= Hussein Barsham =

Sudanese military official

Hussein Barsham is a Sudanese field commander of the Rapid Support Forces (RSF).

Barsham is a member of the Messiria people. On Monday 30 October 2023 Barsham was in command of a group of RSF soldiers who captured Baleela airport in West Kordofan. Barsham was reportedly lightly injured in fighting with members of the Sudanese Armed Forces near Umm Ruwaba or Ghabsha, North Kordofan in December 2024. The tribal leader of the Al Bazaa tribe subsequently put down a reward for the death of Barsham. In late December 2024 Barsham's actions at Baleela airport were part of an investigation by journalists of The New York Times looking intro atrocities committed during the Sudanese civil war (2023–present).

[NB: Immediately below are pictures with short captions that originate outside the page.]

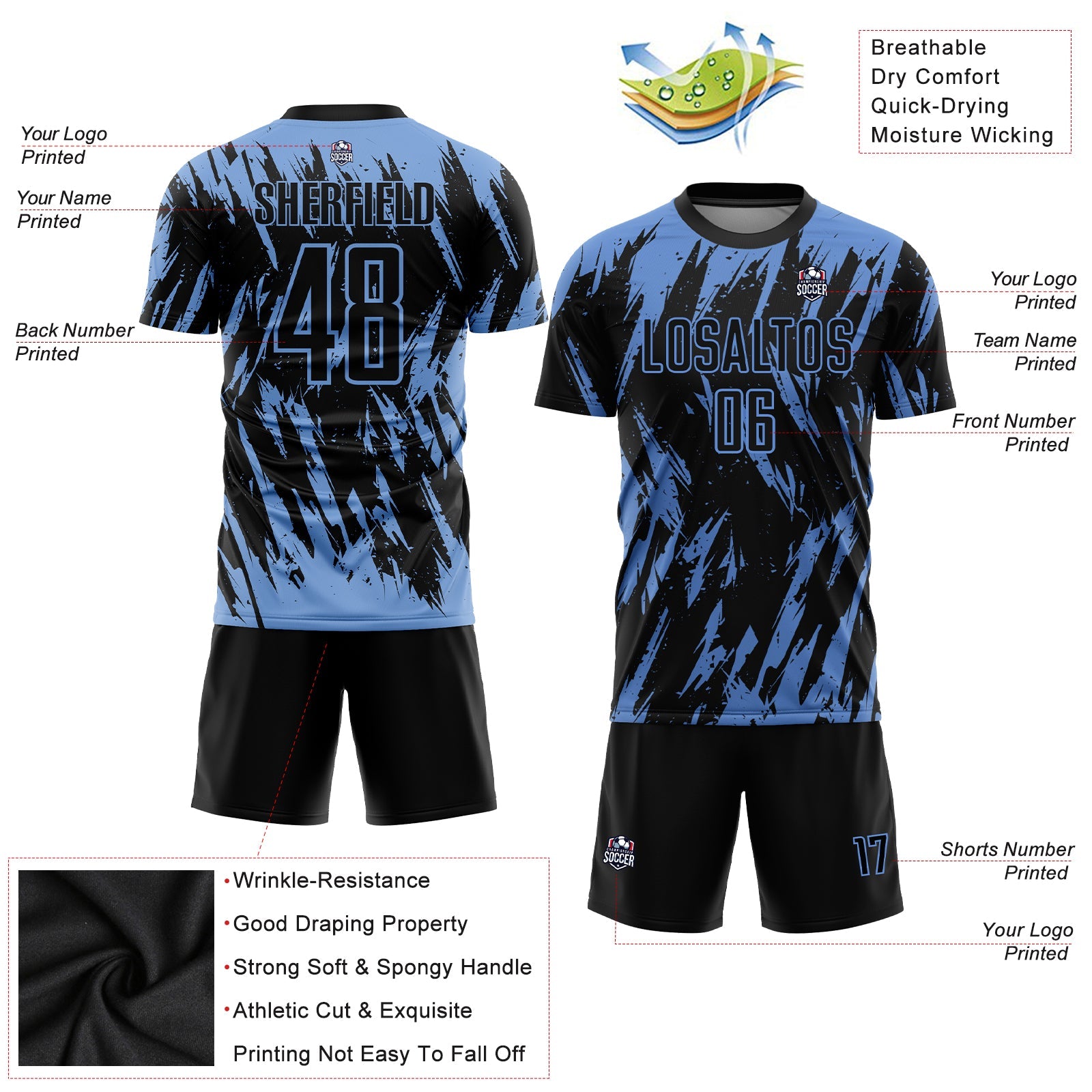 Custom Light Blue Black Sublimation Soccer Uniform Jersey view 3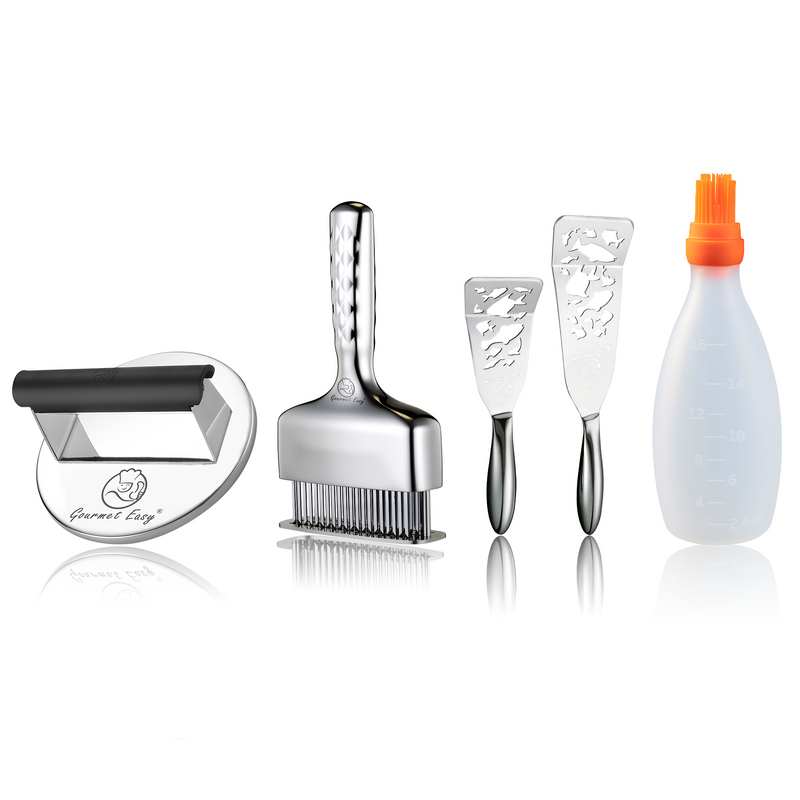 Baste Easy (Orange) + Burger Press Stainless Steel - Round + Fish Turner - Fish Edition + Meat Needle Luxe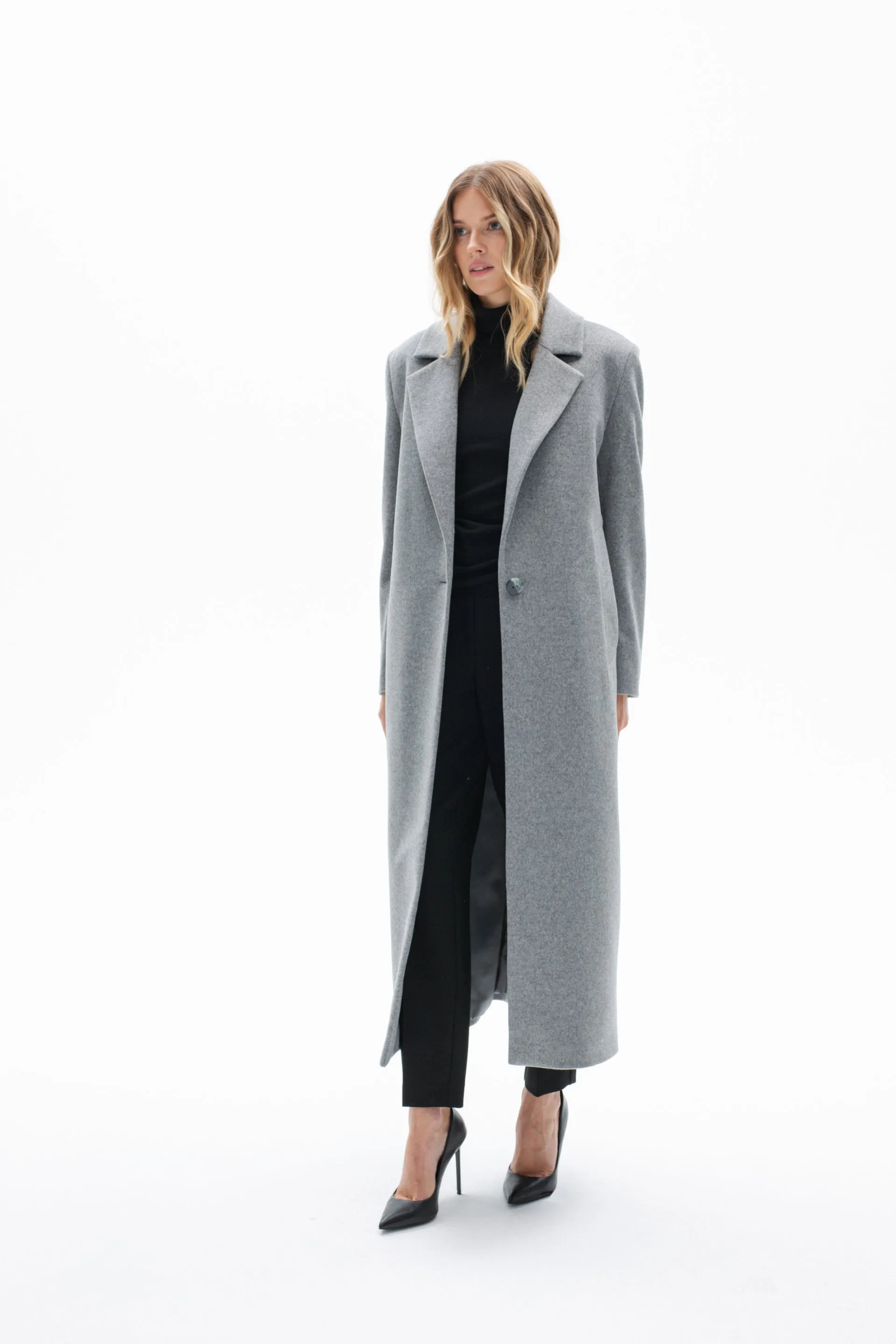 ONE BUTTON CLASSIC GREY COAT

On 18 July 2025, Barsham was sanctioned by the European Union, which determined that he enganged in "operations that have resulted in mass atrocities, including targeted killings, ethnic violence, forced displacement and violence against civilians, particularly in Darfur and other conflict-affected regions of Sudan"

In late 2025 colonel Barsham was reportedly injured in a drone strike in Lagawa District, South Kordan, which killed RSF major general Hashim Didan.

On 5 February 2026 Barsham was sanctioned by the United Kingdom for mass atrocities.